Fugro, which has pursued some underwater search missions in European waters, attributes its win not to advanced technology, but instead to a calculated balance.

“In the initial phases of the search, a number of companies deployed very accurate and very sophisticated autonomous underwater vehicles. The advantage of such technology is that it’s very accurate, but the bad side is that it takes a lot of time to cover a square meter,” Rob Luijnenburg, Fugro’s director of corporate strategy, told TIME. “What we’re doing now is a combination of sufficient resolution and the capability to survey a reasonably large seabed in a relatively short time.”

Fugro had previously worked in conjunction with Bluefin Robotics to develop the Bluefin-21 vehicle used in search efforts during April and May. At that time, officials had suspected the plane’s pinger had run out of battery, and swapped in the Bluefin-21 for the Towed Pinger Locator. Other Fugro missions devoted to search-and-recovery have involved partnerships with the UK to recover helicopters downed over water, and ship recoveries near the Netherlands.

Fugro has already been directly involved in the MH370 search, too. Since June, one of Fugro’s ships, the Fugro Equator, has been working with a Chinese ship to conduct preliminary bathymetric surveys (i.e. underwater mapping of the terrain) around the target area. While radars mounted on the two ships have already mapped nearly 60,000 sq. km—much of that area is in the designated search area—Fugro’s AUS 60 million contracted mission involve only the Fugro Equator and another of Fugro’s ships, the Fugro Discovery. The two ships will each tow sonar scans near the seabed to produce higher resolution maps and possibly locate debris.

“Previous estimates [of the seabed] are very, very rough. The resolution is not good enough to find little bits of pieces of aircraft—that we do with the [towed] sonar equipment,” Luijnenburg said.

The designated search area, about 600 miles south of the previous phase’s area, was decided in June by Inmarsat scientists after re-analyzing satellite data. The area, roughly double the size of Massachusetts, is the latest patch of ocean in what’s been a hopscotch around the largely uncharted South Pacific. Estimates indicate that existing maps of this territory are about 250 times less accurate than surveys of Mars and Venus.

To navigate such difficult underwater terrain, further complicated by treacherous weather conditions, Fugro has connected with experts including Donald Hussong, a sonar guru. Hussong, who was brought out of partial retirement to assist Fugro’s sonar towing logistics, said the two vessels will each be equipped with 9 or 10 km. of cable that will tow scanners about 100 to 150 m. above the sea floor. The existing maps, while crude approximations, will be enough to prevent the sonar from impacting the ocean floor, which could dislodge the equipment.

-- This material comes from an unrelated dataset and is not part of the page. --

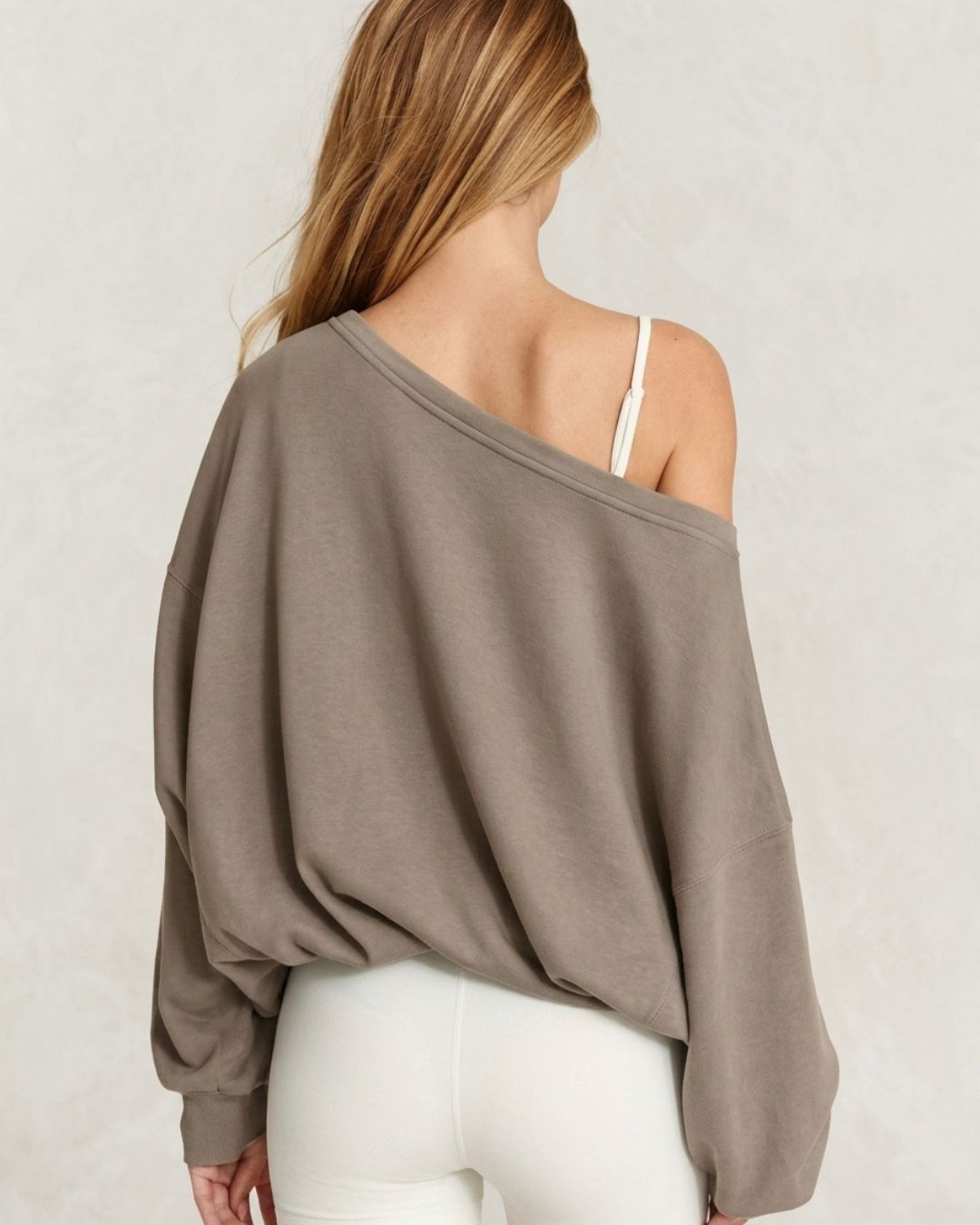 Willluxe® One-Shoulder Drawstring Hem Sweatshirt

Hussong estimates that the relaunched search over 60,000 square km. will span approximately 9 to 10 months—a heartbeat compared to the nearly 2 years it took locate Air France Flight 447’s debris, a mere 6.5 km from the center of the search. If the Dutch firm’s towed sonars locate debris, then the Woods Hole Oceanographic Institution, which aided in locating the Titanic’s wreckage in 1985, will contribute two autonomous underwater vehicles.

But thus far, absolutely nothing—not even a suitcase, life vest, or crumpled paper—has turned up. Fugro is hopeful that the wreckage will be located, but the Dutch firm acknowledged that there’s a chance the massive search might yet again emerge fruitless.

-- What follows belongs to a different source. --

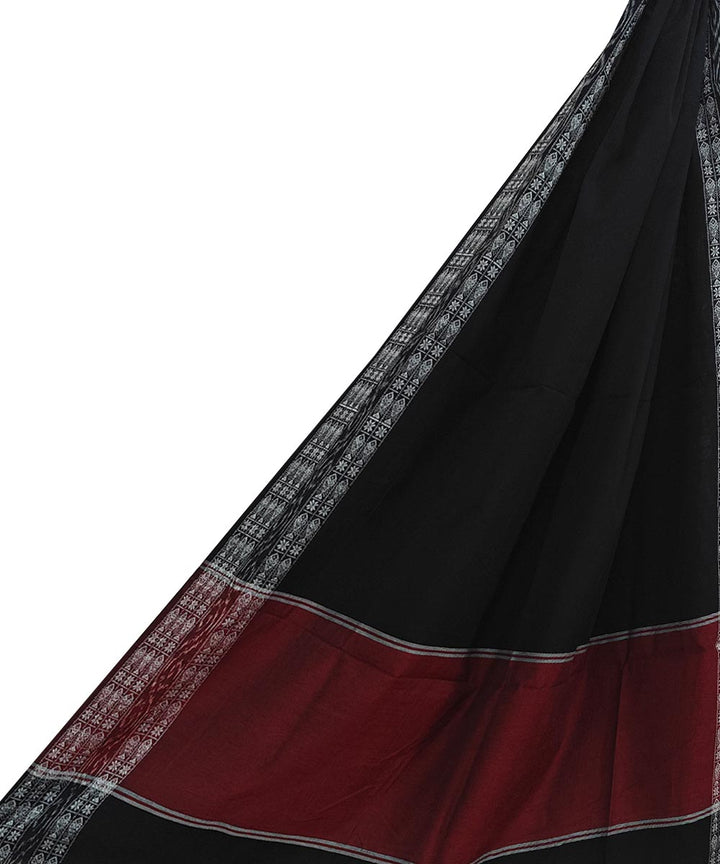 Maroon black handwoven cotton sambalpuri dupatta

“If we have contrast between the hard surfaces of debris and sediments naturally on the bottom [of the ocean], then we should find it.” Hussong told TIME. “If it’s some place on a rocky bottom or the side of a cliff, it’ll be difficult.”

Inmarsat, however, the agency that dictates the search area alongside Australian and Malaysian authorities, remains more than cautiously optimistic that Fugro will solve MH370’s mystery.

“We remain highly confident in the analyses conducted,” an Inmarsat spokesperson told TIME in an e-mail, adding that the scale of the task shouldn’t be underestimated. “The next phase of the search is being handled by those trained in this sort of work and we are hopeful that evidence will be found.”